> **YOUR INSTRUCTIONS**
Where does the word "Island" show up in the records? Copy every line that holds it.

[Opening SOURCE RECORDS section]

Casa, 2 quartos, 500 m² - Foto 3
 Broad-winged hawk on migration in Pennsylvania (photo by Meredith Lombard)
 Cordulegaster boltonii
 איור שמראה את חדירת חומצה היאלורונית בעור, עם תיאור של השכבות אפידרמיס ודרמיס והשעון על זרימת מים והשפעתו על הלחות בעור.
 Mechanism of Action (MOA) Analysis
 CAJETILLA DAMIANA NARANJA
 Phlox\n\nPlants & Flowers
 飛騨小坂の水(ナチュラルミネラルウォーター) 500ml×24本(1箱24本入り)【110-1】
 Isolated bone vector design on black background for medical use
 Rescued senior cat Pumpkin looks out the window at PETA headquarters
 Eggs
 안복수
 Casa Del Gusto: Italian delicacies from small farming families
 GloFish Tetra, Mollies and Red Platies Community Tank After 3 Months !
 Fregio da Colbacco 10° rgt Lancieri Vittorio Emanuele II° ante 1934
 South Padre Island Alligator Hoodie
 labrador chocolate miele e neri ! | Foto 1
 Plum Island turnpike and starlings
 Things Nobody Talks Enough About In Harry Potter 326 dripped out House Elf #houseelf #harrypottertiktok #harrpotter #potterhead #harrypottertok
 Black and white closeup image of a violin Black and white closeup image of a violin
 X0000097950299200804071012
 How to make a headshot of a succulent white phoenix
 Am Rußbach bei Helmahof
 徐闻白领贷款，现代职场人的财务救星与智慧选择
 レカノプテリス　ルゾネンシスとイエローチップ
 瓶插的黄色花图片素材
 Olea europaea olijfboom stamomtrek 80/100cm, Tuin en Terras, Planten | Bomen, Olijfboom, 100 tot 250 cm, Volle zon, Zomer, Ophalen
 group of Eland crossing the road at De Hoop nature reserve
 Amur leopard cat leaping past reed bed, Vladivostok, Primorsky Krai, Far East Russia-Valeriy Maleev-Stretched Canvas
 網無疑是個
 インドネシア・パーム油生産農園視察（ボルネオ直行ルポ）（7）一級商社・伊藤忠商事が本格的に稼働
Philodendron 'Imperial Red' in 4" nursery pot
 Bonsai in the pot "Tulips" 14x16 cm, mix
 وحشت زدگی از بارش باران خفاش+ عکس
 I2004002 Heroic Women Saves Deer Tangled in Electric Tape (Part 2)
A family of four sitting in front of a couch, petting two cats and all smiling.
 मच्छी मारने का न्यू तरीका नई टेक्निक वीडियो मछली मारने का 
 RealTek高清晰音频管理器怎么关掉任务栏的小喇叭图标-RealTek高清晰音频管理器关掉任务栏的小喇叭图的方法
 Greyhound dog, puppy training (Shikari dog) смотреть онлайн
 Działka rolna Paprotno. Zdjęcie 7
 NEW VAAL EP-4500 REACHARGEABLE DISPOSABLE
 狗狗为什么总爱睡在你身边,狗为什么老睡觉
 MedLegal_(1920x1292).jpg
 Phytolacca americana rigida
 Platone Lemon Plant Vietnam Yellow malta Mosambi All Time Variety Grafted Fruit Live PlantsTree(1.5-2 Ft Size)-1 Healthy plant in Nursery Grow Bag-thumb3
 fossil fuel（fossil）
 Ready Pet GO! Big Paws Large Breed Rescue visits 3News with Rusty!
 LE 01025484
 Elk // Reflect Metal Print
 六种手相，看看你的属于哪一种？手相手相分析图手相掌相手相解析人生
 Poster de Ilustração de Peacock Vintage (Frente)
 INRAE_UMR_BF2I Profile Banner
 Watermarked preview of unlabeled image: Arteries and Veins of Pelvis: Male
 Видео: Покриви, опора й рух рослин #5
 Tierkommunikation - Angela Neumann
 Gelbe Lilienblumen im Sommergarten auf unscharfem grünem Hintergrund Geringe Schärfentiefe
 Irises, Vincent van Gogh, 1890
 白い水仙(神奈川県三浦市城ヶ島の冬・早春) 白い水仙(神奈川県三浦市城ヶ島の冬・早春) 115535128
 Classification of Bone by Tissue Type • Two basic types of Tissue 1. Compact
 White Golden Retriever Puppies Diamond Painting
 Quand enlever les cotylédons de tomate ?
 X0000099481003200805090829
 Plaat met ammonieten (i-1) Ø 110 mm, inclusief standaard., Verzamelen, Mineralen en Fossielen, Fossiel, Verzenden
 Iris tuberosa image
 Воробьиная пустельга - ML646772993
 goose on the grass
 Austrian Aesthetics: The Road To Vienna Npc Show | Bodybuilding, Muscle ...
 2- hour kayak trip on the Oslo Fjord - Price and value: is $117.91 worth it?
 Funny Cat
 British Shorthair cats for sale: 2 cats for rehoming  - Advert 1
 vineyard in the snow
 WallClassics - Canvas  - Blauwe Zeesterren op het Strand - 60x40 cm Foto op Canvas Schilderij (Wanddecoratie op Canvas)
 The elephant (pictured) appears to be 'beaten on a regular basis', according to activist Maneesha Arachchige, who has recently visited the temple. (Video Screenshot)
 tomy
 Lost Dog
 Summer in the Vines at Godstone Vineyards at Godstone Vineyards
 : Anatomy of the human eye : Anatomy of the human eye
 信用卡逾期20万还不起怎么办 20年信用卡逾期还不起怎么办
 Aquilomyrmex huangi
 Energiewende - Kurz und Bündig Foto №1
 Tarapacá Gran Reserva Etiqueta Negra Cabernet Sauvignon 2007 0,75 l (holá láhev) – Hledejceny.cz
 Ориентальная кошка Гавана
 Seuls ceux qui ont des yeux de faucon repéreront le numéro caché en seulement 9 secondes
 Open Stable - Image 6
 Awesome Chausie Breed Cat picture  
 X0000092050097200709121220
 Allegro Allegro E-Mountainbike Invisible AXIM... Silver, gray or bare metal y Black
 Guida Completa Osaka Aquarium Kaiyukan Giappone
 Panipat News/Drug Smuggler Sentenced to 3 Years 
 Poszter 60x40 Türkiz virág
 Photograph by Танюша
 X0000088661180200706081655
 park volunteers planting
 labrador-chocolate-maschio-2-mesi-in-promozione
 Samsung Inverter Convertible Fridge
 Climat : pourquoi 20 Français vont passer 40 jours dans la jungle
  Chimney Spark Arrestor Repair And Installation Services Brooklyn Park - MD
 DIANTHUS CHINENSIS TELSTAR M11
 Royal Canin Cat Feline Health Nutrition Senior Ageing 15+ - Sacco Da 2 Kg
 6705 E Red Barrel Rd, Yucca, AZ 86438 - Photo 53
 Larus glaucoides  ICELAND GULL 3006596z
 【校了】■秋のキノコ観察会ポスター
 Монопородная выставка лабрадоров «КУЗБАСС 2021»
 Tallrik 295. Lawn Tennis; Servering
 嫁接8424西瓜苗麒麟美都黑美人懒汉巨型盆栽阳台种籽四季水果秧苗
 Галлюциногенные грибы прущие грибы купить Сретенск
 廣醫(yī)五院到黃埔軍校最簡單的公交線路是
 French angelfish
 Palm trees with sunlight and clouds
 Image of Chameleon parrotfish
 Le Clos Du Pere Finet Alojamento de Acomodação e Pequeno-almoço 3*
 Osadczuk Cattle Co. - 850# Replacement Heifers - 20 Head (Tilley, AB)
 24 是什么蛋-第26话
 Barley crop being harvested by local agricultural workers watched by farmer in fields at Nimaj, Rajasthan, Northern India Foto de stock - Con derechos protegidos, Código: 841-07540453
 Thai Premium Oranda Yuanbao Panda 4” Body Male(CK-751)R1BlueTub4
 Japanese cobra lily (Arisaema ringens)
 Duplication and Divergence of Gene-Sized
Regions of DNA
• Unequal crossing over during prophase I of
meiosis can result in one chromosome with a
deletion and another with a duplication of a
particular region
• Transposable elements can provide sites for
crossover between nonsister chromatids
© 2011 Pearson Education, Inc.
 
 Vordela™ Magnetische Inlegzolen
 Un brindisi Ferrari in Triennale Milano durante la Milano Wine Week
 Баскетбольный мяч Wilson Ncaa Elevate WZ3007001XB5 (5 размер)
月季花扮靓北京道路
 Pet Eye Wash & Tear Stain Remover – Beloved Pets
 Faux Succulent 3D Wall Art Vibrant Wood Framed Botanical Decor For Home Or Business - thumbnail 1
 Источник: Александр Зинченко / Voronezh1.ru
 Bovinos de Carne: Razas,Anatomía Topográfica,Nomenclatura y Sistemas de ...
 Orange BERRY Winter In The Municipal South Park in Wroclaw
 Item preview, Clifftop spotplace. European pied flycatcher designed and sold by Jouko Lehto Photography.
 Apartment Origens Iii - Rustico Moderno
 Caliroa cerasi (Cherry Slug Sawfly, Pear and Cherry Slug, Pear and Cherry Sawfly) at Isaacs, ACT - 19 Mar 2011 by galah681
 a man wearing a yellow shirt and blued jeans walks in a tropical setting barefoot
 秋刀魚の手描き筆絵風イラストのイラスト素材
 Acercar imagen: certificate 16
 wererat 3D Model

[Closing SOURCE RECORDS section]

> **REPLY**
 South Padre Island Alligator Hoodie
 Plum Island turnpike and starlings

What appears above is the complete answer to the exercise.